= What's So Funny About Peace, Love, and Understanding =

2025 mural by Adam Cvijanovic

What's So Funny About Peace, Love, and Understanding is a twelve-panel mural created by Adam Cvijanovic (b. 1960) in the narthex of St. Patrick's Cathedral on Fifth Avenue in Midtown Manhattan, New York City. It is the first major addition to the cathedral in 75 years and a celebration of immigrants. The title of the work is borrowed from the Nick Lowe song famously covered by Elvis Costello of almost the same name, (What's So Funny 'Bout) Peace, Love, and Understanding. The Archbishop of New York, Cardinal Timothy Dolan, unveiled the mural in the cathedral on September 17, 2025.

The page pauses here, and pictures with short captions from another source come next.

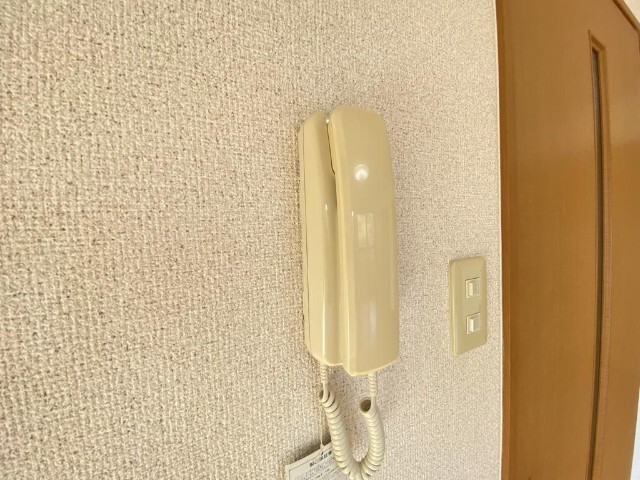 ����9
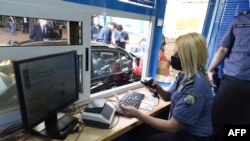 Prije nego što Hrvatska postane dio Schengen sistema, potrebno je da odluka Vijeća ministara bude potvrđena u Europskom parlamentu, potom ponovo od Vijeća ministara, pa država članica EU. Dug je put dok i prelaz između Hrvatske i Slovenije sa fotografije ne bude prošlost. 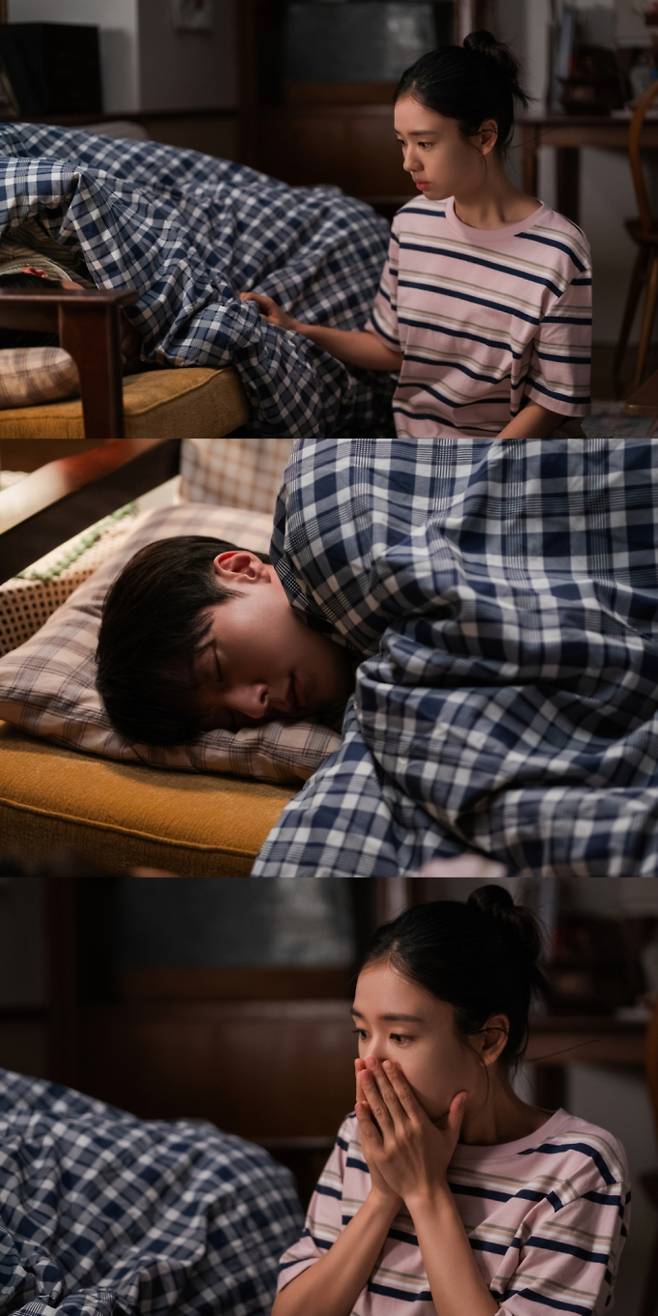 안은진, 잠든 장기용에 시선고정&nbsp;(키스는괜히해서) (제공: SBS)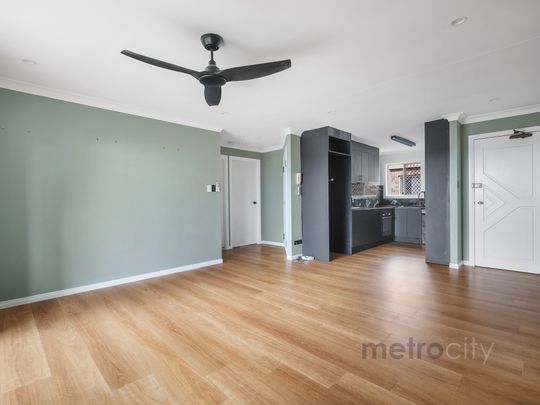 This 2 Bed, 2 bath with air con is calling your name! - Photo 1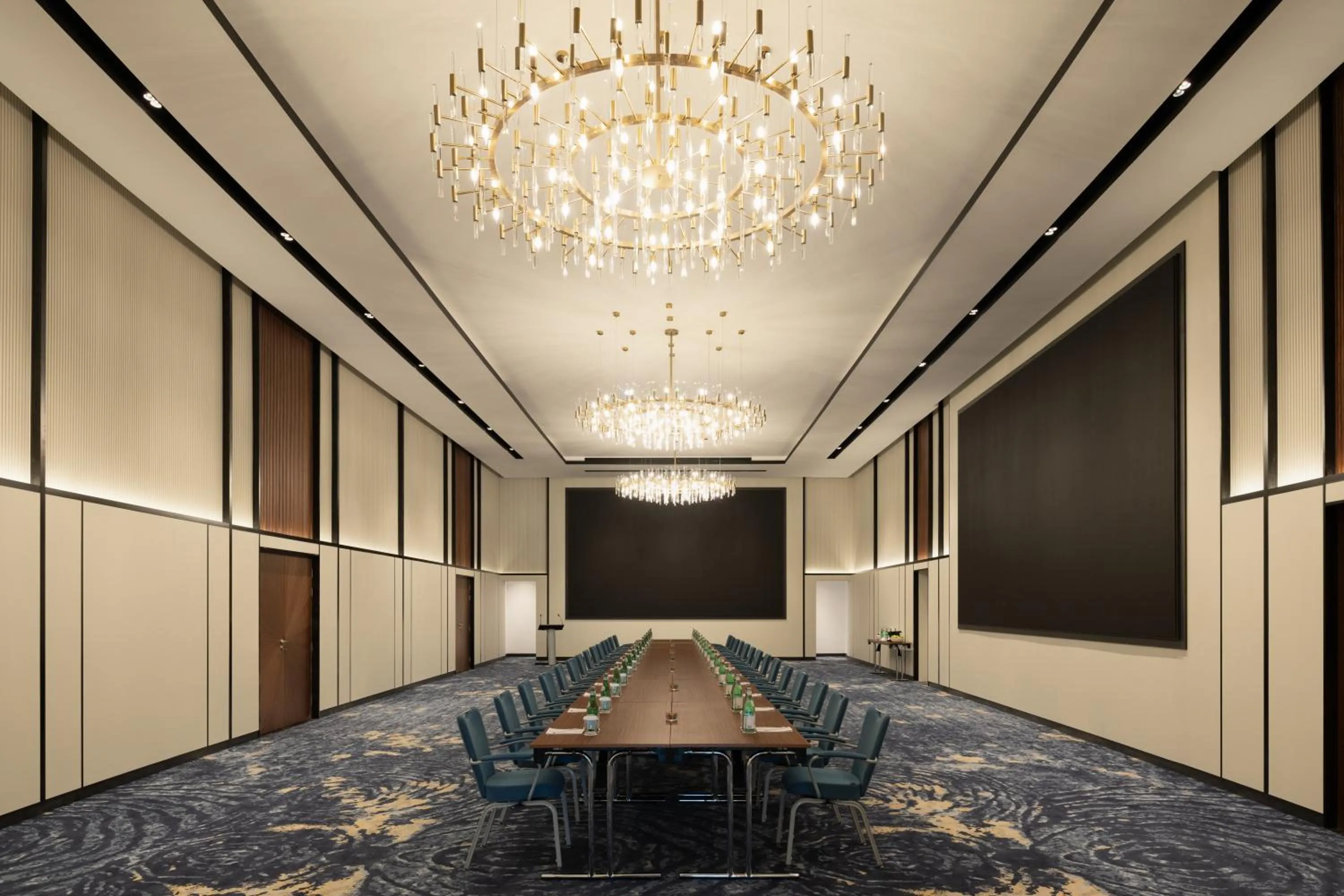Meeting/conference room in Park Inn by Radisson Hotel & Apartments Kuwait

The mural is 25 ft high and stretches across 1,920 ft2. The visual passage at the nexus of the work is centered on the Apparition at Knock in Knock, Ireland in 1879, which is commemorated today by the Knock Shrine.

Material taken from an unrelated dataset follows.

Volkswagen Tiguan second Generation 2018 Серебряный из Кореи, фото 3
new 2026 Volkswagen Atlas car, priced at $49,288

Among the notable immigrants to the United States depicted in the mural are the Haitian born hairdresser and Catholic philanthropist Pierre Toussaint, the Irish born Archbishop of New York and founder of what would go on to become Fordham University John Hughes, and Mother Frances Cabrini, the patron saint of immigrants. Also depicted is Dorothy Day, co-founder of the Catholic Worker periodical, and Saint Kateri Tekakwitha (aka Lily of the Mohawks), the first Native American Saint.